In 1950, he began his studies. Corzas was admitted to La Esmeralda an art school where he was instructed by Maria Izquierdo, Juan Soriano, Carlos Orozco Romero and Agustin Lazo. In 1955, Corzas moved to Rome and completed his studies at the Accademia di San Giacomo, as well as at the Accademia di Bella Arti e Liceo Artistico. In Italy, he faced extreme economics and often sold his art for food to survive.
Corzas was awarded the silver metal at the Via Margutta International Art Fair, in 1960 which changed the path of his career. He lived in Rome for five years after which he briefly toured through Europe.
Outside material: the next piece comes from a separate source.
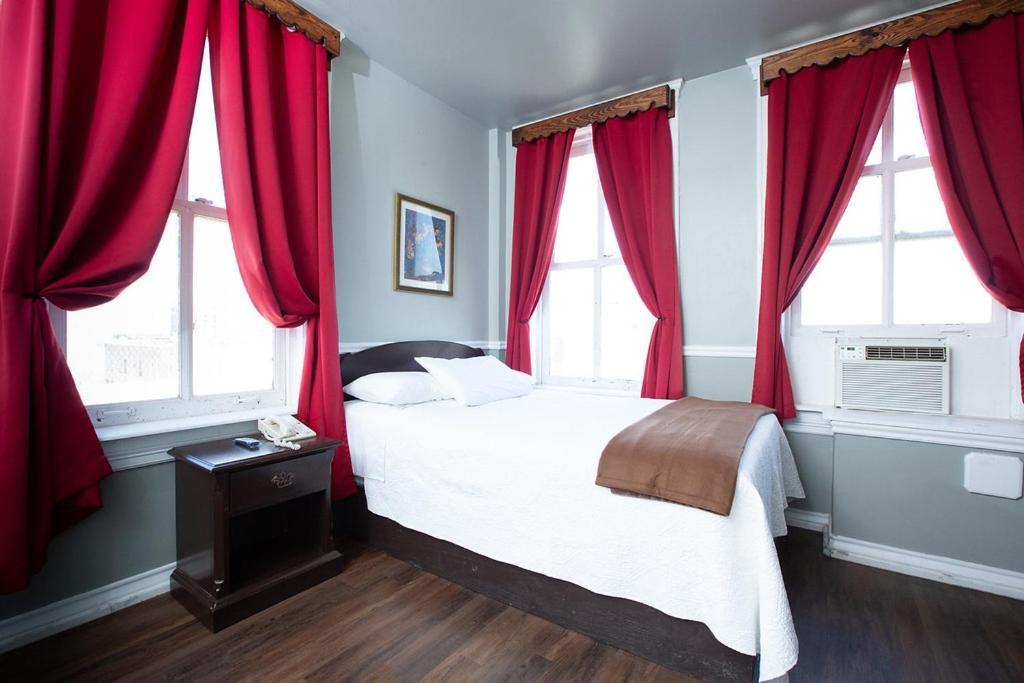 The Rialto Hotel photo 4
Corzas then returned to Mexico City. Here he established himself as a leading Expressionist artist, showing works at international exhibitions in New York, Rome, Oslo and San Juan, Puerto Rico. Corzas’ his lithographs were commissioned by major publishers in Paris, Rome, and New York during the 1970s.
Corzas became a full member of an arts association dedicated to the defense of humanistic values called Los Interioristas. A primary element of Francisco Corzas‘s work is he relationship of passion and sexuality to art and the artist. Corzes was living in New York when he painted Easel, in 1969. This painting, is seen as a haunting imagery, explores such concerns.
Corzes had very frail health and he died of pneumonia on September 15, 1983.